TASK PROMPT -> Give the data again exactly, from its opening line through the line in which "Villa Beachfront dengan" appears.

Short text fragments from websites

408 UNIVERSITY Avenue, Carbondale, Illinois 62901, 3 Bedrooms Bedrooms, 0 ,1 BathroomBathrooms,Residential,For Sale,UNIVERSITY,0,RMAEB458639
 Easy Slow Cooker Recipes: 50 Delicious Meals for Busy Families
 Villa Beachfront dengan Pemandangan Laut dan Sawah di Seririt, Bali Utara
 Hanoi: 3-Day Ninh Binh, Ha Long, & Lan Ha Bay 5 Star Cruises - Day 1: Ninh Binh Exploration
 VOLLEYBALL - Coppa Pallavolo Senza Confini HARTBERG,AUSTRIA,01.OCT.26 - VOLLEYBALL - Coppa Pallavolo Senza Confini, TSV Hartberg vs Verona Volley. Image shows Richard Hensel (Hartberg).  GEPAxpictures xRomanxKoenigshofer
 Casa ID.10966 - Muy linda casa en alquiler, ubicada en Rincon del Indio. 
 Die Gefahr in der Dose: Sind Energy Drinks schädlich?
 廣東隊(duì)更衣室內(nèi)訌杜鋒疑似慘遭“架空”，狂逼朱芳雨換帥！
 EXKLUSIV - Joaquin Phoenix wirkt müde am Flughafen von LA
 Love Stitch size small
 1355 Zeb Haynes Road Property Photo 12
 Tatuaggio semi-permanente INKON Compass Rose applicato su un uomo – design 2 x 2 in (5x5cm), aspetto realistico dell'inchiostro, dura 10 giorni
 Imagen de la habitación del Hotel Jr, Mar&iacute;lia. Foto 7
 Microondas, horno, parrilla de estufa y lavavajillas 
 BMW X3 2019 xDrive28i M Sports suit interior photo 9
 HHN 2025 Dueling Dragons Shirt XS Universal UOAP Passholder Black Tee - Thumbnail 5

RESPONSE TO THIS TASK ->
408 UNIVERSITY Avenue, Carbondale, Illinois 62901, 3 Bedrooms Bedrooms, 0 ,1 BathroomBathrooms,Residential,For Sale,UNIVERSITY,0,RMAEB458639
 Easy Slow Cooker Recipes: 50 Delicious Meals for Busy Families
 Villa Beachfront dengan Pemandangan Laut dan Sawah di Seririt, Bali Utara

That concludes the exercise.